As of commit fca2760 with merge base e3f24fd ():

NEW FAILURE - The following job has failed:

trunk / linux-jammy-rocm-py3.10 / test (default, 5, 6, linux.rocm.gpu.gfx942.1) (gh)
'Test'

This comment was automatically generated by Dr. CI and updates every 15 minutes.

As identified in the original issue, there is quadratic complexity in the number of input tensors, due to an improperly written sharding prop rule. The previous code generated N output strategies for the stack op, one based on each of the original N input strategies. However, Each of the N output strategies was the same. The heuristic in the stack rule is to find one of the N inputs and follow that one. We now just generate one output strategy. Fixes #169445 ghstack-source-id: 5b7b303 Pull Request resolved: #169519

wconstab · 2025-12-03T23:40:20Z

torch/distributed/tensor/_ops/_tensor_ops.py

-    first_input_strategy = input_tuple_strategy.children[0]
-    if not isinstance(first_input_strategy, OpStrategy):
-        raise AssertionError(f"Expected OpStrategy, got {first_input_strategy}")
+    input_strategies: list[OpStrategy] = []


this part was just to make mypy happy below since children are listed as 'StrategyType' which can be Tuple Strategy or OpStrategy, need to ensure they are all OpStrategy...

zpcore · 2025-12-03T23:48:45Z

Hmm, this seems to be a good case where we need detect_exists_identical_opspec to verify op strategy to prevent generating the same opspec.

wconstab · 2025-12-03T23:57:07Z

Hmm, this seems to be a good case where we need detect_exists_identical_opspec to verify op strategy to prevent generating the same opspec.

why? I don't follow

zpcore

LGTM!

wconstab · 2025-12-04T00:41:05Z

torch/distributed/tensor/_ops/_tensor_ops.py

-        output_spec = DTensorSpec(mesh, tuple(follow_placements))
-        redistribute_cost = []
-        for input_spec in input_specs:
-            cost = generate_redistribute_costs(strategy, input_spec)

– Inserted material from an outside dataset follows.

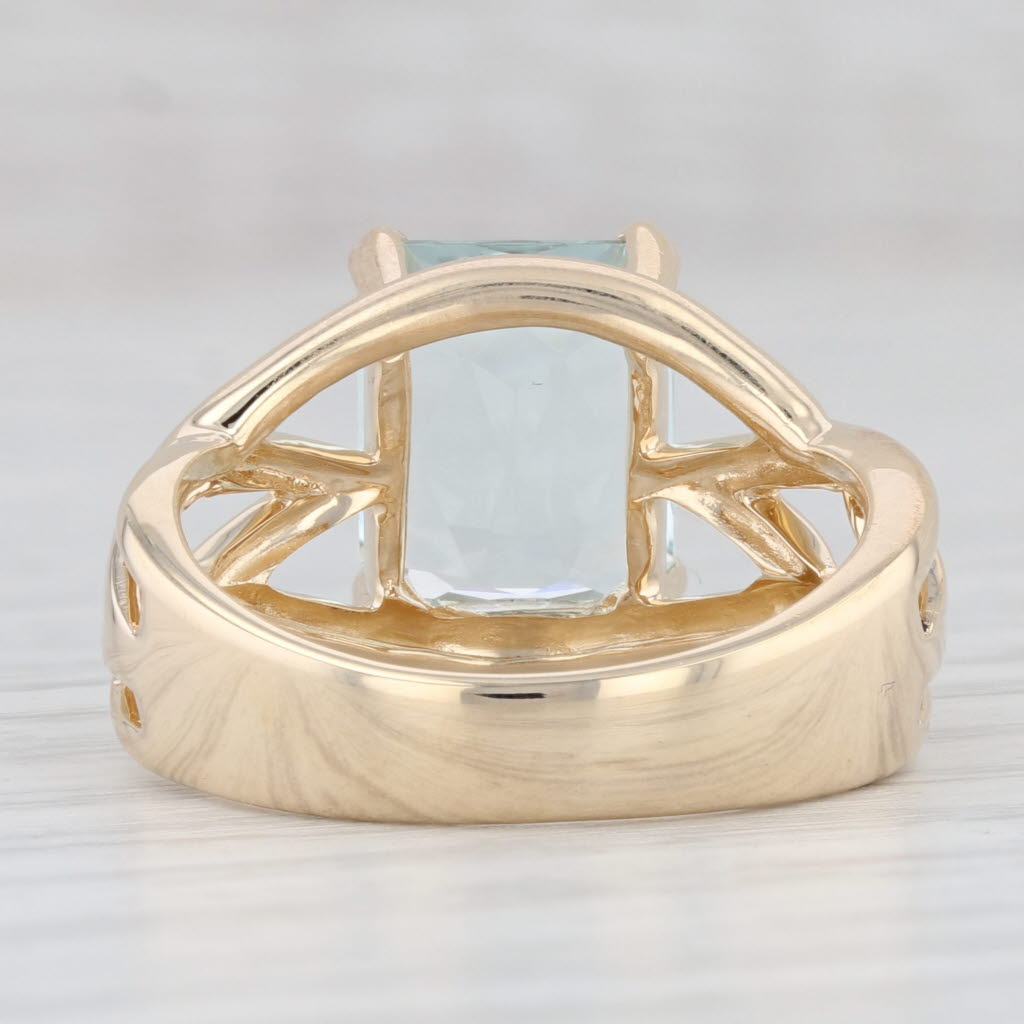 Light Gray 4.56ct Aquamarine Solitaire Ring 14k Yellow Gold Size 8.25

@zpcore one thing i would like to confirm is, this old code looks incorrect to me, in addition to being slower.

we should never be generating the redistribute cost from input 2's placement to input1's dst spec, right? so using 'strategy' here was a bug?

Good catch! Should be:

for idx, input_spec in enumerate(input_specs): cost = generate_redistribute_costs(input_tuple_strategy.children[idx], input_spec)

zpcore · 2025-12-04T00:46:28Z

Hmm, this seems to be a good case where we need detect_exists_identical_opspec to verify op strategy to prevent generating the same opspec.

why? I don't follow

To clearify, detect_exists_identical_opspec is for unittest. We can do:

self.assertTrue(
                    detect_exists_identical_opspec(
                        *sample_input_args,
                        op=aten.stack.default,
                        mesh=mesh,
                        strategy_function=stack_strategy,
                    )

This is a necessary but not sufficient test to say the strategy is not generating duplicated OpSpecs.

wconstab · 2025-12-04T02:21:09Z

@pytorchbot merge

pytorchmergebot · 2025-12-04T02:23:10Z

Merge started

Your change will be merged once all checks pass (ETA 0-4 Hours).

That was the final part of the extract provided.